Leveraging cancer mutation data to predict the pathogenicity of germline missense variants

Bushra Haque; David Cheerie; Amy Pan; Meredith Curtis; Thomas Nalpathamkalam; Jimmy Nguyen; Celine Salhab; Bhooma Thiruvahindrapura; Jade Zhang; Madeline Couse; Taila Hartley; Michelle M. Morrow; E Magda Price; Susan Walker; David Malkin; Frederick P. Roth; Gregory Costain

doi:10.1101/2024.03.11.24304106

ABSTRACT

Innovative and easy-to-implement strategies are needed to improve the pathogenicity assessment of rare germline missense variants.
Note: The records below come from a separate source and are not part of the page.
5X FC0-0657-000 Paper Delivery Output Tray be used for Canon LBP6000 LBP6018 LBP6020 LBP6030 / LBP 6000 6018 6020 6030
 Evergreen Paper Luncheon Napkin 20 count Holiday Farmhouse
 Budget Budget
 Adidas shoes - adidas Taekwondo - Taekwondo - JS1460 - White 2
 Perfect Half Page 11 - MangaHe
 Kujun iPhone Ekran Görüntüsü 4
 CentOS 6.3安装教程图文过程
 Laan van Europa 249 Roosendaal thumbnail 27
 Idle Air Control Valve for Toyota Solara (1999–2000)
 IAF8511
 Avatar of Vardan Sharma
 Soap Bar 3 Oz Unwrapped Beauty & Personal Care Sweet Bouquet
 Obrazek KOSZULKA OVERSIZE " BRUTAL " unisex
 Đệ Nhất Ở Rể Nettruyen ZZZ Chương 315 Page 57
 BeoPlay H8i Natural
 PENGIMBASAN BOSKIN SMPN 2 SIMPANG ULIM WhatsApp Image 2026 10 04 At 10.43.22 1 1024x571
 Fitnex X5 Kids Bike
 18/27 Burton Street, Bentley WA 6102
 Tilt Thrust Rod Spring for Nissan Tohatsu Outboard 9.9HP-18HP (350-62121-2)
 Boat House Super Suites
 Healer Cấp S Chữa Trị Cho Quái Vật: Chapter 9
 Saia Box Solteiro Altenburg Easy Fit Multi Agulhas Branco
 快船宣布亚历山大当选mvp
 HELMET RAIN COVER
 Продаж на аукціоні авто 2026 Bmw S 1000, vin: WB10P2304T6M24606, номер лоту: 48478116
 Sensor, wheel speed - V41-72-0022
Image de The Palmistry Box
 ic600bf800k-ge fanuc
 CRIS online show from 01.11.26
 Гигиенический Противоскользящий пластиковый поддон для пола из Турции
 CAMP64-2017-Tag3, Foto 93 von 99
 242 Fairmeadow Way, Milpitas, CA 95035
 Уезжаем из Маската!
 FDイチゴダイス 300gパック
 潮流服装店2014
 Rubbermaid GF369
Somatic cancer driver mutations identified through large-scale tumor sequencing studies often impact genes that are also associated with rare Mendelian disorders. The use of cancer mutation data to aid in the interpretation of germline missense variants, regardless of whether the gene is associated with a hereditary cancer predisposition syndrome or a non-cancer-related developmental disorder, has not been systematically assessed. We extracted putative cancer driver missense mutations from the Cancer Hotspots database and annotated them as germline variants, including presence/absence and classification in ClinVar. We trained two supervised learning models (logistic regression and random forest) to predict variant classifications of germline missense variants in ClinVar using Cancer Hotspot data (training dataset). The performance of each model was evaluated with an independent test dataset generated in part from searching public and private genome-wide sequencing datasets from ∼1.5 million individuals. Of the 2,447 cancer mutations, 691 corresponding germline variants had been previously classified in ClinVar: 426 (61.6%) as likely pathogenic/pathogenic, 261 (37.8%) as uncertain significance, and 4 (0.6%) as likely benign/benign. The odds ratio for a likely pathogenic/pathogenic classification in ClinVar was 28.3 (95% confidence interval: 24.2-33.1, p < 0.001), compared with all other germline missense variants in the same 216 genes. Both supervised learning models showed high correlation with pathogenicity assessments in the training dataset. There was high area under precision-recall curve values of 0.847 and 0.829 for logistic regression and random forest models, respectively, when applied to the test dataset. With the use of cancer and germline datasets and supervised learning techniques, our study shows that cancer mutation data can be leveraged to improve the interpretation of germline missense variation potentially causing rare Mendelian disorders.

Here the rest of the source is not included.